AUBURN, Wash. — The Enumclaw Plateau, a stretch of horse and hobby farm country, is the sort of place people go to get away from it all. Trout streams tumble through grassy pastures dotted by country dream homes. Big-shouldered Mt. Rainier hulks on the eastern horizon, reminding everybody why they fled Seattle, an hour north.
Then you round a corner on the two-lane blacktop and, boom, there atop giant steel stilts sits a huge metal canopy shaped like a gull-wing spaceship just in from Alpha Centauri.
It is the roof of a 23,000-seat amphitheater being built by the Muckleshoot tribe. The theater is reviled by the Muckleshoots' off-reservation neighbors, who want it and the thousands of concert-goers it would attract erased from their bucolic existence. The tribe, ironically, stands accused of ruining a pastoral lifestyle with its newfangled city ways.
On the surface, the fight seems like a simple not-in-my-backyard land use dispute: Somebody wants to build something; somebody else wants them not to. But although intensely local, the dispute typifies conflicts between tribes and non-Indians that are proliferating throughout the United States. And it raises deeper questions about the nature of Indian rights in the United States today. What exactly is an Indian nation? And what rights come with the territory?
"The Indian wars haven't stopped," says Clarence Bob, a member of the Lummi Nation in Washington state.
"They just changed the way they were fighting."

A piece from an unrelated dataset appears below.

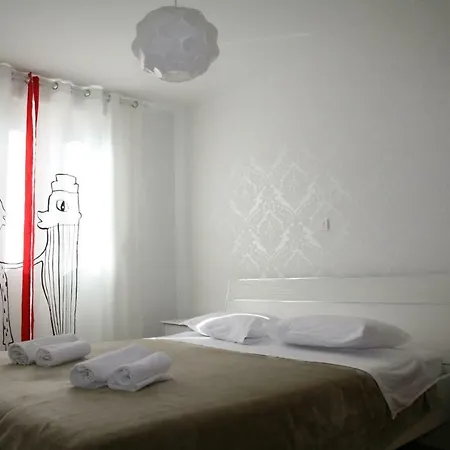 Lägenhet Elegant Znjan Split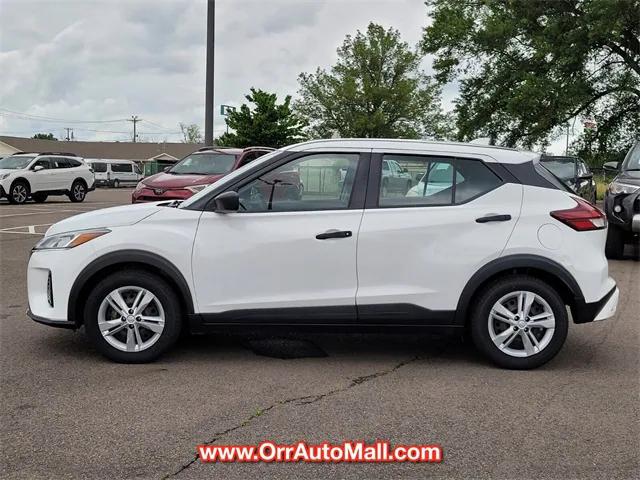 2022 Nissan Kicks S Xtronic CVT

Dull words in long legal briefs have replaced blades and bullets. The disputes number in the dozens and range broadly: slot machines and other Nevada-style gambling in California, fish quotas in Minnesota, local taxes in Alaska, casino revenue in Connecticut, police powers in New Mexico.
Whatever the specifics, almost all the conflicts arise out of 19th century treaty rights. In those treaties, tribes were given absolute control over their reservations. Control over land is a defining characteristic of sovereign nations. At least theoretically, that's what the tribes are.
Opponents say the notion of such independence is an anachronism that makes no sense in the modern, integrated world.
The Enumclaw Plateau, with ready access to booming high-tech suburbs, Boeing factories and the playgrounds of the Cascade Range, is one of the fastest-growing portions of a fast-growing metropolitan region. Homemade signs along the highway advertise hints of farm life gone uptown. One place sells llama wool and burros. Another offers championship steers and paint ball supplies. Yet another advertises freelance software design.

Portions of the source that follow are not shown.